|Collection Name||RG0912 Pound, Louise, 1872-1958|
|Size and Materials||33 boxes; 15.75 cu.ft.; 1 reel of microfilm|
|Title||Louise Pound papers|
|Date or Date Span||1881-1958|
|Year Range from||1881|
|Year Range to||1958|
Louise Pound was born June 30, 1872, in Lincoln, Nebraska. Her parents, Stephen and Laura Pound, had come to Lincoln in 1869; she was the second of their three children. Their mother educated the three children at home until they entered the University of Nebraska preparatory school. Miss Pound graduated from the University of Nebraska with a Bachelor of Arts in 1892 and also earned a Master of Arts degree and a diploma in music there. She then completed a dissertation at the University of Heidelberg, Germany, passing the examination for a doctorate magna cum laude (1900) in two instead of the usual seven semesters.
In 1890, when she was 18, Louise Pound became Lincoln City Tennis Champion. She competed against men for the University of Nebraska title in 1891 and 1892, winning both years. In 1897 she won the Women's Western Tennis Championship and in 1900 the Championship of Heidelberg. She also played a tie match with the Olympic men's singles tennis titleholder while at Heidelberg.
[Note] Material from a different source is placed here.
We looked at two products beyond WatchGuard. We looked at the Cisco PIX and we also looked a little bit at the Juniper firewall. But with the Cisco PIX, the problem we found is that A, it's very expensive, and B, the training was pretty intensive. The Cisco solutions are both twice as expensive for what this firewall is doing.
She won the state golf championship in 1916 and a 100 mile cycling medal in 1906, was a figure skater on ice, introduced skiing to Lincoln, and managed the university women's basketball team. She is the only woman in the University of Nebraska Sports Hall of Fame.
During World War I Miss Pound served as a staff member of the Women's Committee of the State Council of Defense; she was acting state head of the National League for Women's Services in 1918, chairman of Overseas Relief Activities, and a member of the Food for France Committee. She belonged to the DAR, Phi Beta Kappa, Kappa Kappa Gamma, Theta Sigma Phi, Chi Delta Phi, Sigma Tau Delta, Delta Omicron, Alpha Lambda Delta, Delta Kappa Gamma, Pi Gamma Mu, and Mortar Board. She was also a member of the Lincoln Country Club, the Lincoln University Club, Copper Kettle, Wooden Spoons, and the Omaha Press Club. In 1955 she was elected the first woman president of the Modern Language Association.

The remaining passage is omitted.